Au total, 112 plaintes ont été déposées auprès du parquet, qui a ouvert une enquête l’année dernière pour des violences, agressions sexuelles et viols commis essentiellement entre les années 1970 et 1990.
« Jamais informé »
Or François Bayrou, 73 ans, ancien candidat centriste à la présidentielle et figure récurrente de la politique française, a été ministre de l’Education entre 1993 et 1997.
S’il se défend de n’avoir « jamais été informé » des crimes et délits à Bétharram, il a expliqué avoir diligenté une inspection générale en 1996 après le dépôt d’une première plainte d’un élève, camarade de classe d’un de ses fils, giflé violemment par le surveillant général.
« Est-ce que vous croyez que nous aurions scolarisé nos enfants dans des établissements dont il aurait été soupçonné ou affirmé qu’ils se passent des choses de cet ordre ? », s’est-il ému devant l’Assemblée nationale, alors que plusieurs députés l’accusent d’avoir menti.
Il y a aussi ce gendarme chargé de l’enquête sur le père Carricart, ex-directeur de l’institution accusé de viol en 1998, qui évoque une « intervention » de François Bayrou auprès de la justice à l’époque, alors qu’il était député.
« Misérable polémique »
Le juge qui enquête sur le viol en 1998 a également relaté dans plusieurs médias que François Bayrou avait « fait la démarche de venir » le voir lorsque le prêtre était en détention, mais sans « jamais » parler du dossier.
Mardi, le Premier ministre a encore martelé n’être « jamais » intervenu, « ni de près ni de loin » auprès de la justice et a contre-attaqué en visant le gouvernement socialiste de Lionel Jospin, au pouvoir à la fin des années 1990.
Une « misérable polémique politicienne », a répondu Elisabeth Guigou, alors ministre de la Justice.

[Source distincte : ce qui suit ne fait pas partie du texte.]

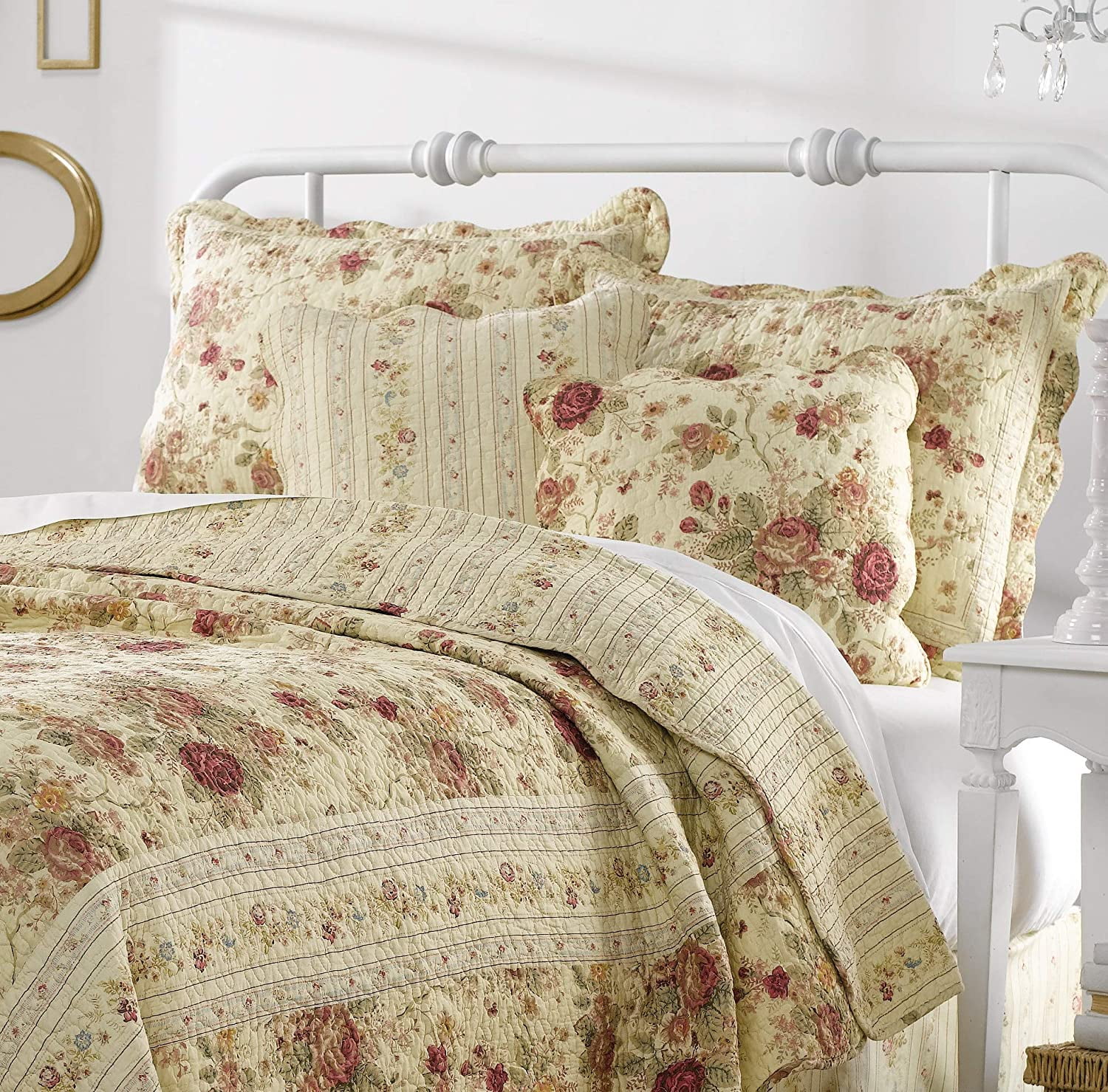Greenland Home Fashions Antique Rose 100% Cotton Quilt Set, Ecru, 2-Piece Twin/XL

L’exécutif français navigue en eaux troubles depuis la dissolution de l’Assemblée début juin par le président Emmanuel Macron, dans la foulée de la déroute de son camp aux élections européennes. Depuis, l’Assemblée est divisée en trois blocs (gauche, centre-droit, extrême droite), dont aucun ne dispose de la majorité.
La gauche reproche parallèlement au gouvernement Bayrou d’avoir trop fait de concessions à l’extrême droite. Le PS vise notamment le débat polémique ouvert sur le droit du sol par le ministre de la Justice Gérald Darmanin. M. Bayrou est aussi vivement critiqué à gauche pour avoir évoqué récemment un « sentiment de submersion » migratoire en France.
M. Bayrou avait été brièvement ministre de la Justice en 2017, avant de démissionner en raison d’une enquête sur des soupçons d’emploi fictifs.